Feudalism, the system that preceded capitalism in Europe, was based on the ownership of land by landlords, and their exploitation of serfs, who owned no land and had to work for these landowners to survive. The production and trade of goods and clothing was monopolized by a few skilled craftsmen and merchants. Because of the increase in international trade, production had to be carried out on a much larger scale. This system was not able to produce the increased amount of goods and was therefore replaced by manufacturing, a system in which many craftsmen still producing goods by hand were brought together in a single "manufactury" or factory. This enabled each craftsman to specialize in performing a single task in production (e.g. putting the heel on all the shoes produced, instead of working on the entire shoe). This division of labor and specialization increased the amount of shoes, cloth, and other goods produced.

But commerce and trade kept expanding, especially overseas, and more and more goods were needed. The old manufacturing system was no longer sufficient. Machines were invented to speed production, and large-scale industries, based on the use of these newly-invented machines, steam, and water power, were developed. It is in this historical context that we can see how Africa and the slave trade were connected to this history-making process. The slave trade was caused by the development of capitalism. It also made an important contribution to the continued development of capitalism.

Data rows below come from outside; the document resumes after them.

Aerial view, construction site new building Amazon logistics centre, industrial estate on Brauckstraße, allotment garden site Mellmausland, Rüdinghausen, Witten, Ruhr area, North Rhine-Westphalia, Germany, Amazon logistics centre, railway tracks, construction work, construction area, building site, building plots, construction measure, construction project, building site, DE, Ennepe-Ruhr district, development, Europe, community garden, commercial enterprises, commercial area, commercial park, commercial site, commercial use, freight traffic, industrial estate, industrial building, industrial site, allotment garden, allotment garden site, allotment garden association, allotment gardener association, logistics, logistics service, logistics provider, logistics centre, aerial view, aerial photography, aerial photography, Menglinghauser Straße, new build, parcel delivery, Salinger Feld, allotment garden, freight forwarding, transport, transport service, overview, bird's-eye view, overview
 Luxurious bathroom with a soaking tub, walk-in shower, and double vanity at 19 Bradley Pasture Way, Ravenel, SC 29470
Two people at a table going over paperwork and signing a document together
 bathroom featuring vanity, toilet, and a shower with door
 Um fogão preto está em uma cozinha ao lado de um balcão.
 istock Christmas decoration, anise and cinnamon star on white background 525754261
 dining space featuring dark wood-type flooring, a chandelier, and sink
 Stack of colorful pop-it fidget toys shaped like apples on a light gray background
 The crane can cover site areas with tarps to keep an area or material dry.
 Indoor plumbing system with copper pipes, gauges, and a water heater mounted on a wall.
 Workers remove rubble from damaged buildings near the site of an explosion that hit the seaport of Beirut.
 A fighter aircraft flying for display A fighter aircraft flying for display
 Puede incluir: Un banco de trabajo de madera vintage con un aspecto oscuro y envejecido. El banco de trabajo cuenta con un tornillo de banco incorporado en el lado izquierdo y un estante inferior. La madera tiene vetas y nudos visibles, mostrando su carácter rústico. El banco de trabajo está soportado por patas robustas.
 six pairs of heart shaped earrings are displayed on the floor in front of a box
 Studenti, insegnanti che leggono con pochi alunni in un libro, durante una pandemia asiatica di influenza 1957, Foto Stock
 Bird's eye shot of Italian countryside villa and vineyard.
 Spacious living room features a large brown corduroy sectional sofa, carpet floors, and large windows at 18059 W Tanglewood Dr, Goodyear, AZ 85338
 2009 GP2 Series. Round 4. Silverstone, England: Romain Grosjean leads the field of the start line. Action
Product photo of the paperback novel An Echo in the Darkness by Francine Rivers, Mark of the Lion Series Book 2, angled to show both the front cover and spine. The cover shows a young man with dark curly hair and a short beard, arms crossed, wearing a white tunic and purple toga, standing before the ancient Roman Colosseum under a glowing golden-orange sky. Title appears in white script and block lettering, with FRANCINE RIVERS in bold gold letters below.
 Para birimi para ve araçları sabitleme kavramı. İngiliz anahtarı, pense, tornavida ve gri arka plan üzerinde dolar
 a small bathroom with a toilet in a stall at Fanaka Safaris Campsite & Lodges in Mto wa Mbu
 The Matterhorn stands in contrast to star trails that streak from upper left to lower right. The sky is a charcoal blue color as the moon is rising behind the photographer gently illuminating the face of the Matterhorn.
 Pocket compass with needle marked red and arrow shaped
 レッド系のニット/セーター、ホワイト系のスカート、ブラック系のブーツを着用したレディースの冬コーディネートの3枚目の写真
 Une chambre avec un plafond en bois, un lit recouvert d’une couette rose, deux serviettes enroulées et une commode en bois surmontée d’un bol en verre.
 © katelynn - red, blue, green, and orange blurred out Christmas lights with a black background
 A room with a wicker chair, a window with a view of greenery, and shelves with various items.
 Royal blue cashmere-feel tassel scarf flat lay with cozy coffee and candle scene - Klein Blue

This contribution to capitalism's development was made on two continents - Europe (especially in England) and North America (in the United States). Let us look briefly at some of the aspects of this relationship: markets, land, labor, and profit.

The Demands for Markets

Mercantilism was the economic theory which guided England. This theory stated that the possession of gold, silver, and other precious metals was the basis of the wealth of nations. Therefore, trade became important as England and other nations struggled to monopolize sources of precious metals and to export (or send to other countries) more goods than they imported (or received from other countries).

It was this need for precious metals and their shortage in Europe that led to a period of exploration and discoveries. While many historians distort the real motivation, Christopher Columbus who "discovered" America in 1492 was very clear on why he undertook the trip: "Gold is a wonderful thing! Whoever possesses it is lord of all he wants. By means of gold one can even get souls into Paradise."  Most of the great discoveries we read about in geography and history - Vasco da Gama, Sir Francis Drake, and even Estavanico (Little Stephen), the Black Spanish explorer who discovered New Mexico - should all be understood as part of the struggle of European countries to find gold so that one nation could be stronger than another. Later, however, as capitalism developed further and the techniques of production improved (more skilled labor, better machines, bigger ships, faster communications, electrical power, etc.), foreign lands were needed not so much for gold but as markets to sell the manufactured goods which could not be sold at home.

The Struggle for Land

England is a small island, about the size of New York. In order for it to develop, it needed (and still needs) both sources of raw materials for its factories and markets for the goods it produced. Colonialism became the key mechanism by which capitalist countries like England, France, Belgium, Germany, Portugal - and later the United States - acquired and maintained control over foreign territory and workers for exploitation. By exploitation we mean when workers are paid less than their work is worth. This always happens under capitalism because, as Malcolm X put it bluntly: "show me a capitalist and I will show you a bloodsucker!" 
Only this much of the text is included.